# Data pre-processing

## Install & import libraries

In [1]:
import pandas as pd
import os

## Read datasets

In [2]:
DATASETS = ['BIDV', 'VCB', 'EIB']
START_DATE = '2019-01-01'
END_DATE = '2024-06-01'

In [3]:
raw_directory = 'raw-data'
raw_data_dict = {}

for dataset in DATASETS:
    file_name = f"{dataset}_{START_DATE}_{END_DATE}.raw-data.csv"
    file_path = os.path.join(raw_directory, file_name)
    
    raw_data = pd.read_csv(file_path)
    raw_data_dict[dataset] = raw_data

## Process datasets

In [4]:
def process_data(stock_data, start_date, end_date):
    # drop null and duplicate values
    stock_data.dropna(inplace=True)
    stock_data.drop_duplicates(inplace=True)

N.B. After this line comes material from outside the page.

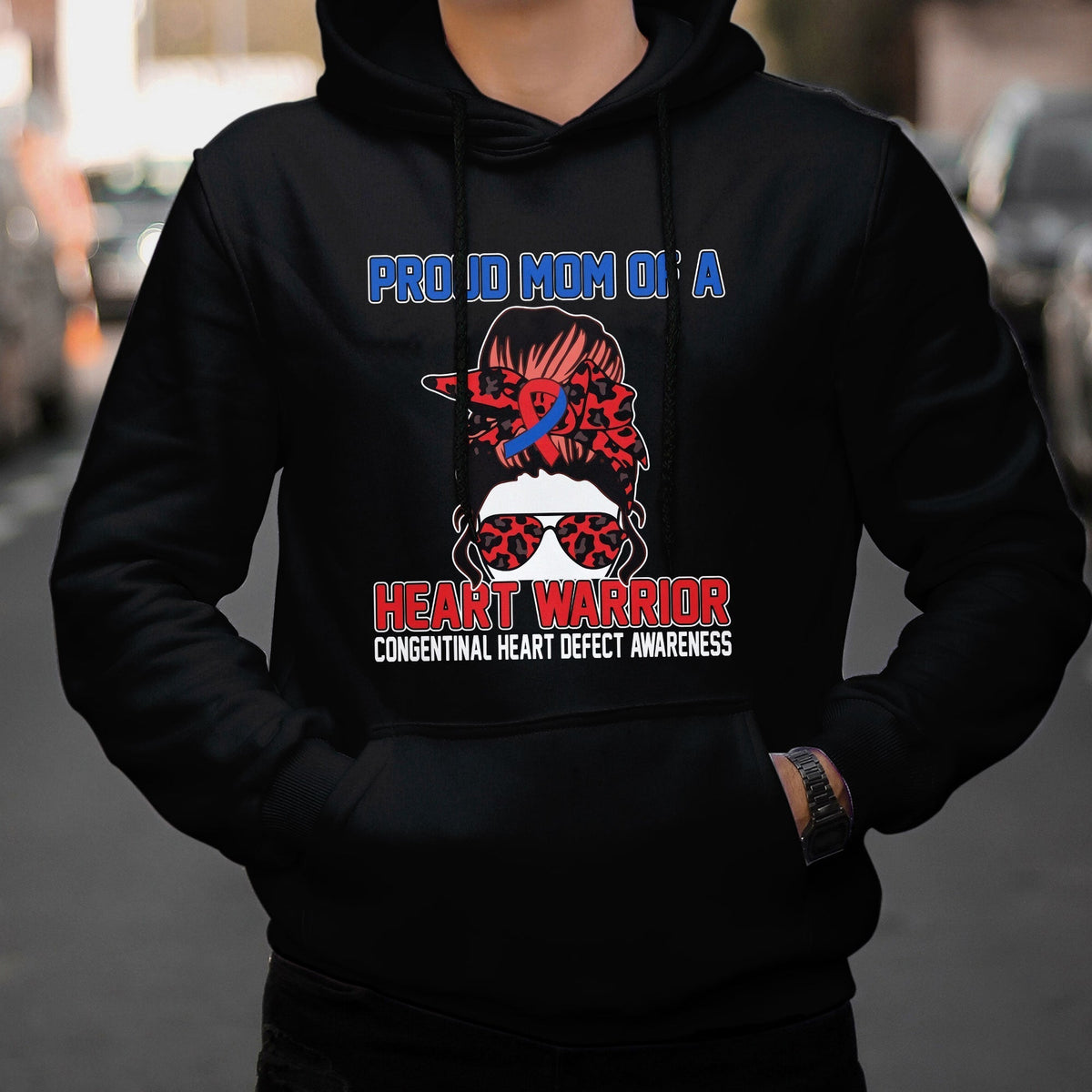 Black hoodie with “Heart Warrior” heart-defect awareness graphic on the chest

    # create a DataFrame with new date range
    stock_data['Date'] = pd.to_datetime(stock_data['Date'])
    stock_data.sort_values(by=['Date'], inplace=True, ascending=True)
    timezones = stock_data['Date'].dt.tz

    adjusted_start_date = pd.to_datetime(start_date).tz_localize(timezones)
    adjusted_end_date = pd.to_datetime(end_date).tz_localize(timezones)
    date_range = pd.date_range(start=adjusted_start_date, end=adjusted_end_date, freq='D')

    filtered_dates = [date for date in date_range if date.weekday() < 5]  # 0-4: Monday-Friday
    full_date = pd.DataFrame({'Date': filtered_dates})

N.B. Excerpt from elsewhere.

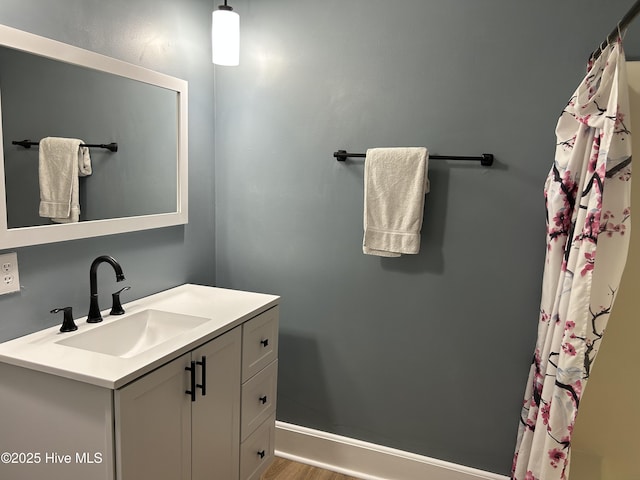 3414 Middle Sound Loop Rd, Wilmington, NC 28411 - full bath featuring vanity, a shower with curtain, and wood finished floors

    filtered_columns = ['Date', 'Open', 'High', 'Low', 'Close', 'Volume']
    data = pd.merge(full_date, stock_data[filtered_columns], on='Date', how='left')

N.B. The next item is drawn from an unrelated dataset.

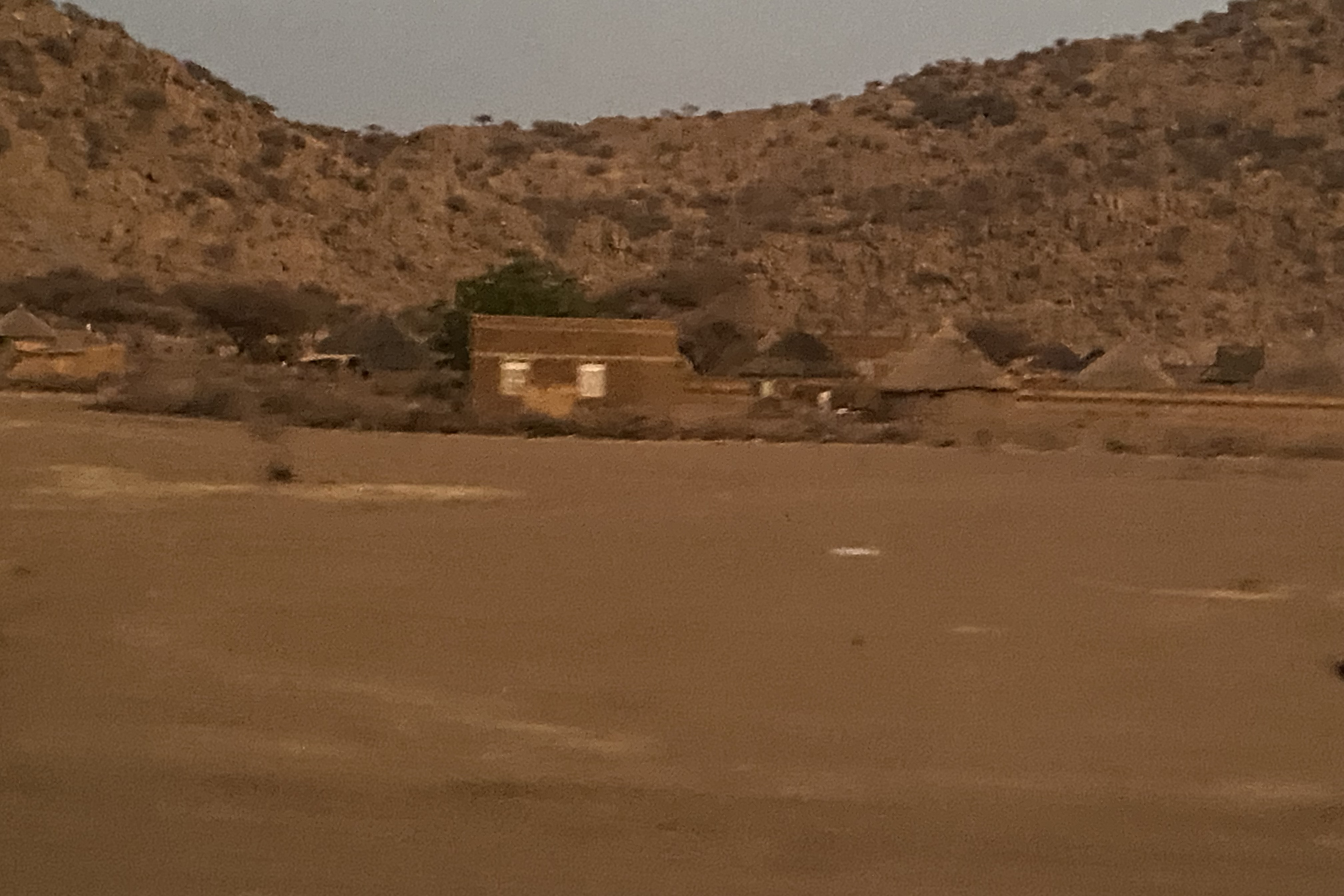 mud huts in the dusk with hills behind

    # handle missing values
    if data.iloc[0].isnull().any(): #first row
        null_columns = data.isnull().columns

        for col in null_columns:
            first_valid_value = data[col].dropna().iloc[0]
            data.loc[0, col] = first_valid_value

    data.ffill(inplace=True) #another rows

    return data

In [5]:
processed_data_dict = {}

for dataset, data in raw_data_dict.items():
    processed_data = process_data(data, START_DATE, END_DATE)
    processed_data_dict[dataset] = processed_data

## Save processed datasets

In [6]:
processed_directory = 'processed-data'

if not os.path.exists(processed_directory):
    os.makedirs(processed_directory)

In [7]:
for dataset, data in processed_data_dict.items():
    file_name = f"{dataset}_{START_DATE}_{END_DATE}.processed-data.csv"
    file_path = os.path.join(processed_directory, file_name)
    data.to_csv(file_path)
    print(f"Saved {file_name}")

Saved BIDV_2019-01-01_2024-06-01.processed-data.csv
Saved VCB_2019-01-01_2024-06-01.processed-data.csv
Saved EIB_2019-01-01_2024-06-01.processed-data.csv